By | Published on Tuesday 20 January 2015

Beastie Boys

If Monster Energy Drink thought that having to pay $1.7 million to the Beastie Boys for the uncleared use of the group’s music was way over the odds – and it very much did – then it will presumably balk at the suggestion that it should pay another $2.4 million in legal costs.
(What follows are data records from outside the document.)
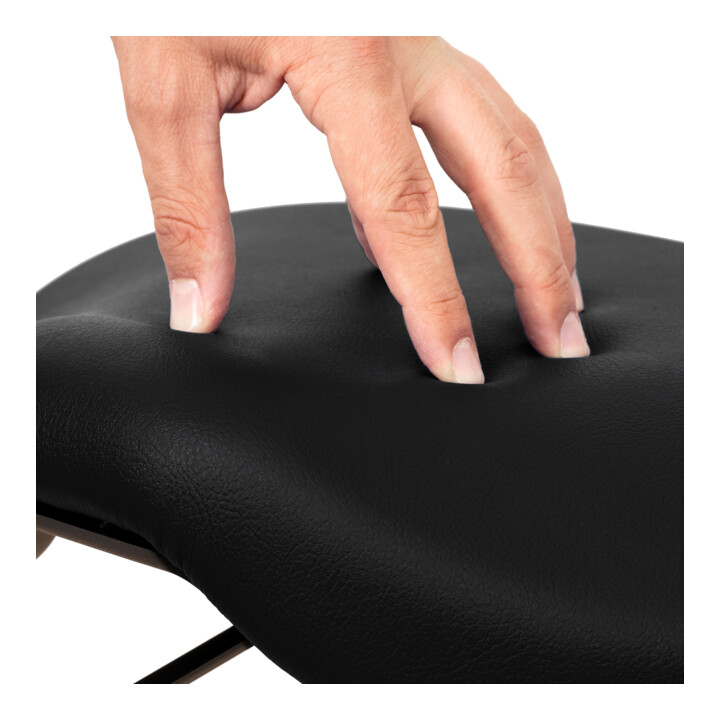 Tabouret multiposition STIER avec siège-selle noir, hauteur d'assise 510-700 mm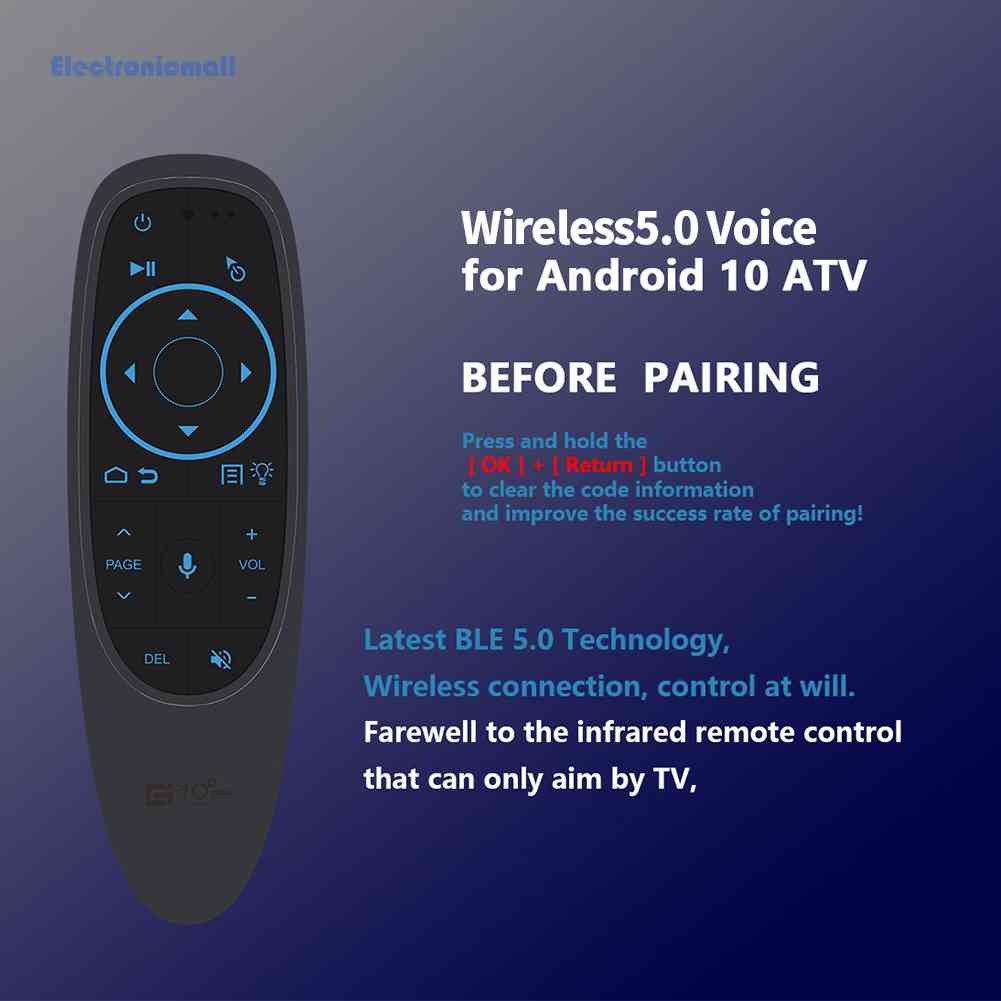 Durable Multi G10S Pro Bluetooth-compatible Voice Remote Control 2.4G Air Mouse Smart TV Reliable Must - Image 5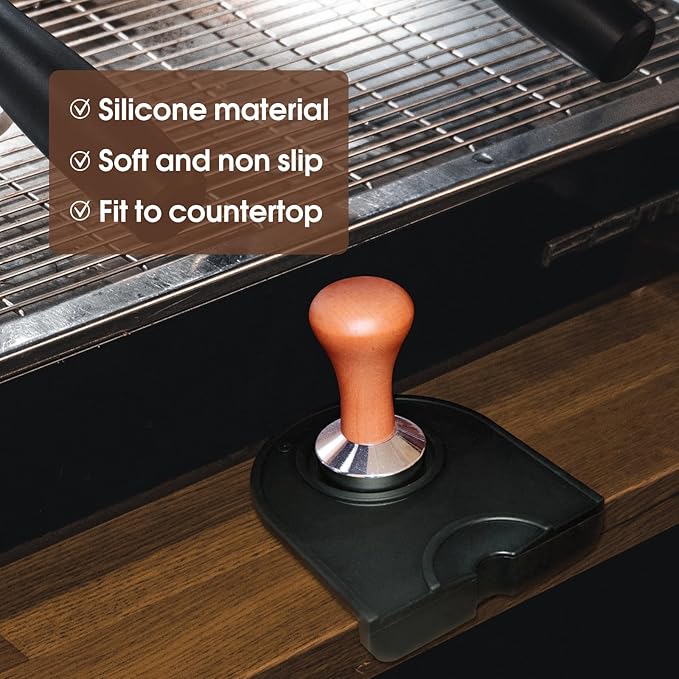 Silicone Coffee Tamper Mat, Espresso Silicone Mat 5.5 inches X 4.9 inches Espresso Tamper Mat, Silicone Gel Coffee Tamper Mat, Non-slip Coffee Mat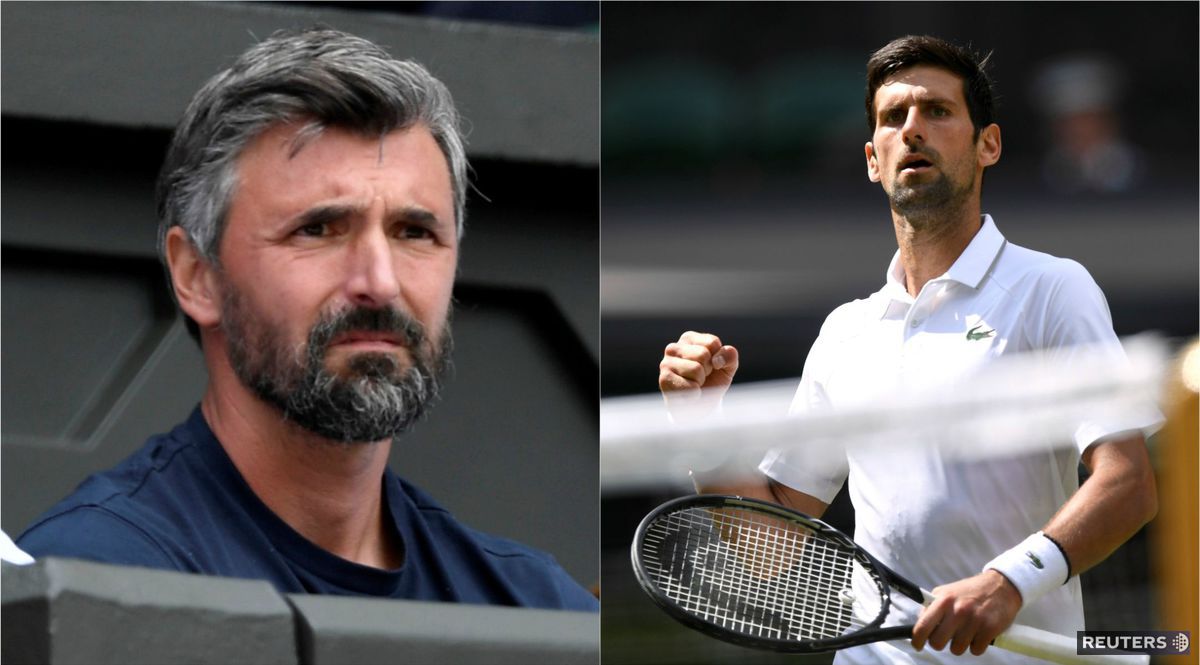 Chorvát Goran Ivaniševič (vľavo) vo Wimbledone...
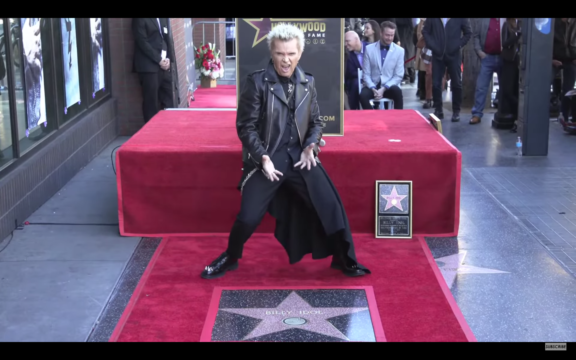 Billy Idol: riceve una stella sulla Walk Of Fame di Hollywood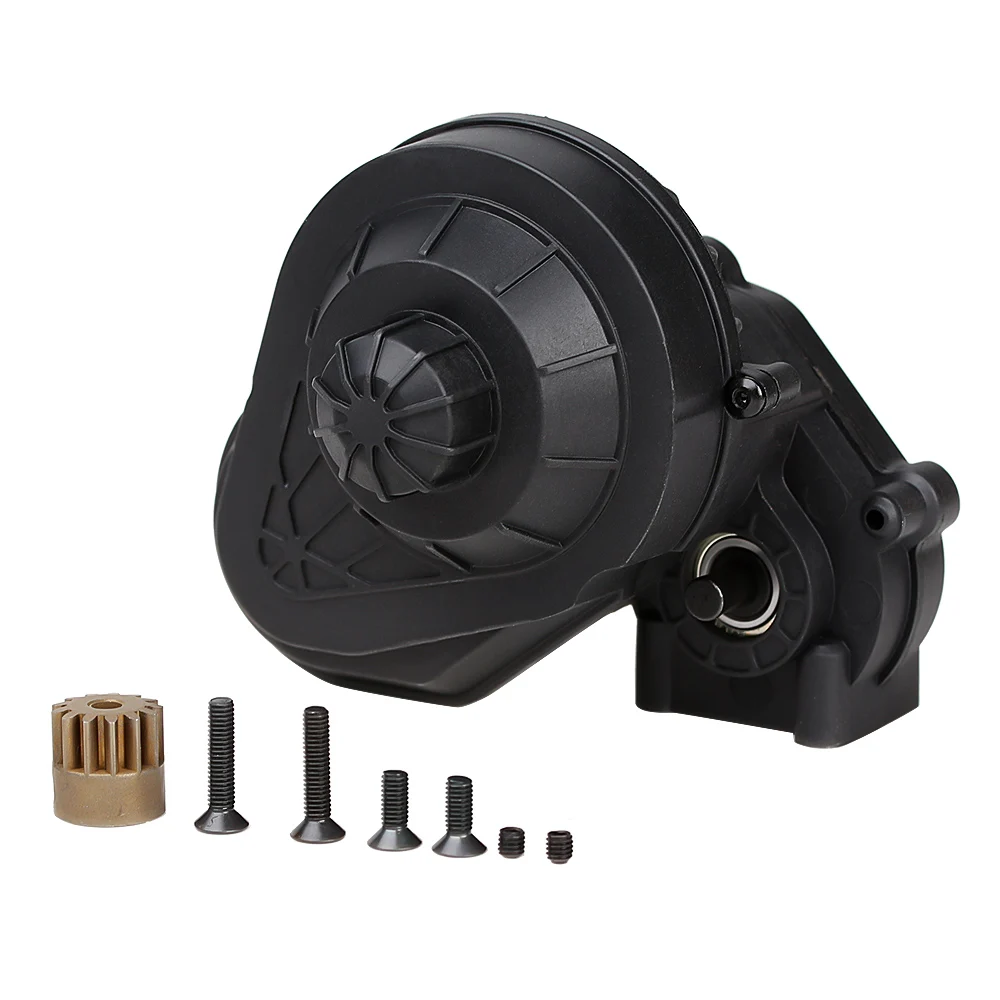 Juego Completo De Ejes Delanteros Y Traseros De Aluminio CNC Para 1/10 RC Crawler Car Axial SCX10 II RGT 86100 Redcat GEN8 Element Enduro CC01 (Eje Trasero Delantero Negro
But that is what reps for the rap outfit are requesting.

As much previously reported, Monster used a mix of Beastie Boys tracks in a promotional video documenting a snowboarding event it staged in 2012, and which was posted online shortly after the death of the group’s Adam Yauch.

Showing what might be best dubbed as ‘some naivety’ regarding how music licensing works, it transpired that the team involved in making the promotional video assumed they’d got the all clear to use the music after the DJ who mixed the soundtrack said the final edit was “DOPE”.

Monster admitted copyright infringement for using Beastie Boys tracks without permission, but said that damages in the region of $125,000 would be more appropriate. Reps for the rappers pushed for a much bigger damages sum and won $1.7 million in a jury trial last summer, a ruling which was upheld on appeal in December.

But a new legal filing by lawyers working for the Beastie Boys says that the big bucks win was actually something of a ‘Pyrrhic victory’, because legal costs associated with the litigation had reached nearly $2.4 million, leaving the trio out of pocket overall.

According to Billboard, the musicians’ lawyers argue that the way the Monster company behaved during the legal battle added to those legal costs and, therefore, it should foot the bill. A legal filing last weekend cites Monster’s failure to engage in “good-faith negotiations” and its bid to have the original ruling overturned as reasons why the drinks company should be held liable for the group’s legal fees.

The lawyers write: “Monster’s tactics significantly increased the costs for Beastie Boys to vindicate their intellectual property rights, such that, absent an award of attorney’s fees and costs, plaintiff’s success at trial would become a Pyrrhic victory”.

Monster is yet to comment on the new claim.